Heading to the office in the dead of winter can be a challenge. There’s snow and slush on the sidewalks, it’s freezing out, and you’re standing there in pants that the wind bites straight through and shoes that were not meant for cold, slippery conditions. You could wear real winter boots on your way to the office and change before heading in, but then you have to carry your change of shoes, and what are you going to do when you have a meeting down the street?
Even if you drive to work, those first few minutes as the car warms up can be brutal, not to mention the trek from your parking spot. If you’re a transit commuter or you walk or bike, staying warm can be a challenge, especially when there are delays due to the weather or conditions are especially bad.
The Struggle to Stay Warm on a Workday
Staying warm on your commute doesn’t have to be a challenge, though. It may be one of the few times commuters actively get on packed bus and train lines for the warmth, instead of trying to find quieter alternatives where they exist. But mostly what will keep you warm is dressing smart and appropriately for the weather. Since you’re heading into work, you’re going to want to make good use of layers that you can remove when you’re in a climate-controlled workspace.
Wear Office-Friendly Thermal Socks
One way you can get around the cold is with thermal socks. Men’s thermal socks and women’s thermal socks from Heat Holders come in a variety of thicknesses and warmth, including their ultra lite thermal socks which can be worn with dress shoes. While their original thermal socks are 7 times warmer than your typical cotton sock, ultra lite is 3 times warmer.
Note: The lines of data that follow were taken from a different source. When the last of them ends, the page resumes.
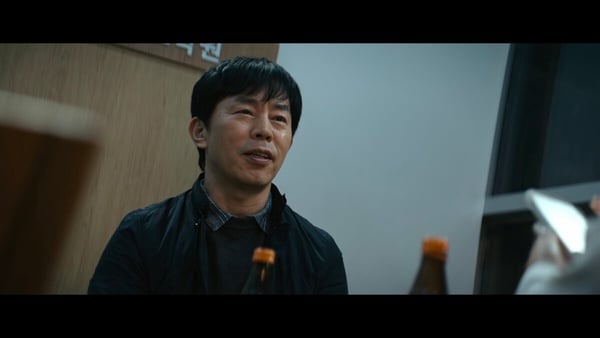 《鐵拳教育》持刀砍老師是真的！5大真實事件：韓國雙胞胎姐妹從校排121名衝到全校第一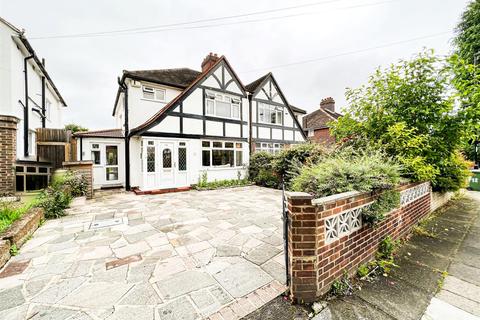 14 Watermead Road, London, SE6 3DQ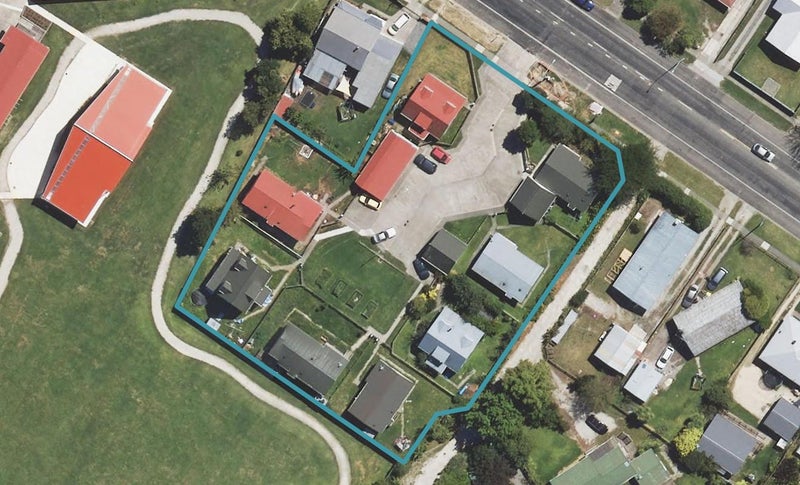 1 Mildura Place, Kaiti, Gisborne - Carousel 1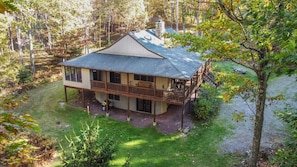 Exterior - Woodland Cabin Getaway w/FirePit, HotTub, GameRoom Edit (Canadensis)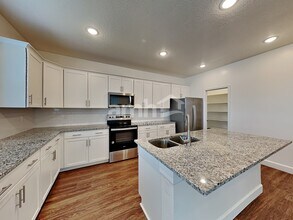1328 White St in Lehi, UT - Building Photo - Building Photo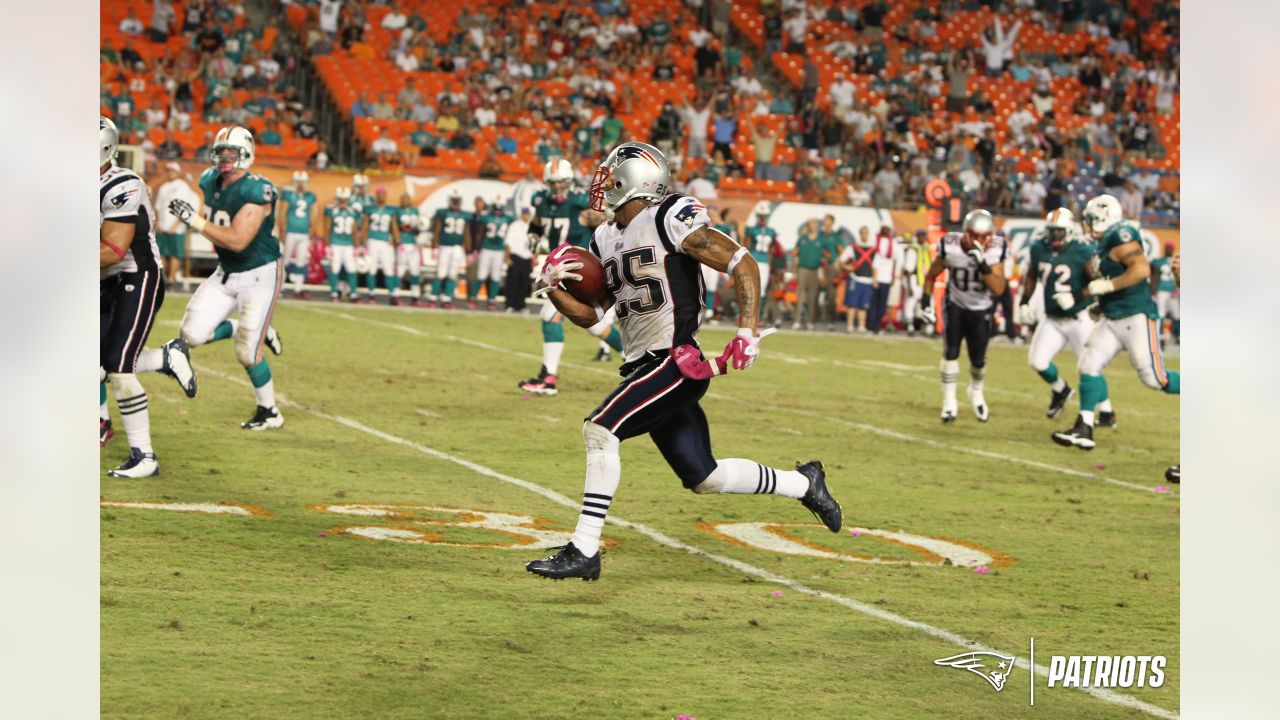 19 September 2010: New England Patriots safety Pat Chung (25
They fit perfectly in dress shoes and they will keep you warm on your commute without making you overheat in the office.
Winter Hats Are Always Worth It
Next, embrace winter hats. Bring a comb if you’re prone to hat hair and consider a different way of styling your hair if a hat will mess things up. You may have heard that it’s a myth that you lose half your body heat through your head if it’s uncovered. The heat-loss myth has been debunked, but any exposed part of your body loses heat quickly. A hat also protects your ears, which are vulnerable to frostbite.
Keep Your Fingers Toasty Too
Likewise, thermal gloves will keep your hands and fingers warm. If you’re already checking out Heat Holders thermal socks, consider thermal gloves too. Their thermal gloves use a patented HeatWeaver technology to create warmer gloves at an affordable price. Gloves aren’t just warm, they can also be stylish too.
Now that you have the basics, it’s time to think about accessories. People tend to go for scarves around their neck, but neck warmers are much more efficient at retaining heat and keeping your neck toasty. In extreme cold temperatures, a balaclava can protect your nose, chin, and cheeks from frostbite as well. Winter accessories are easy to take on and off as you transfer between transit modes or reach your destination. It’s not hard to stay warm on your commute with the right clothes and accessories.
Don’t freeze this winter just because you need to look sharp for the office. Office-friendly thermal wear helps you get through your commute.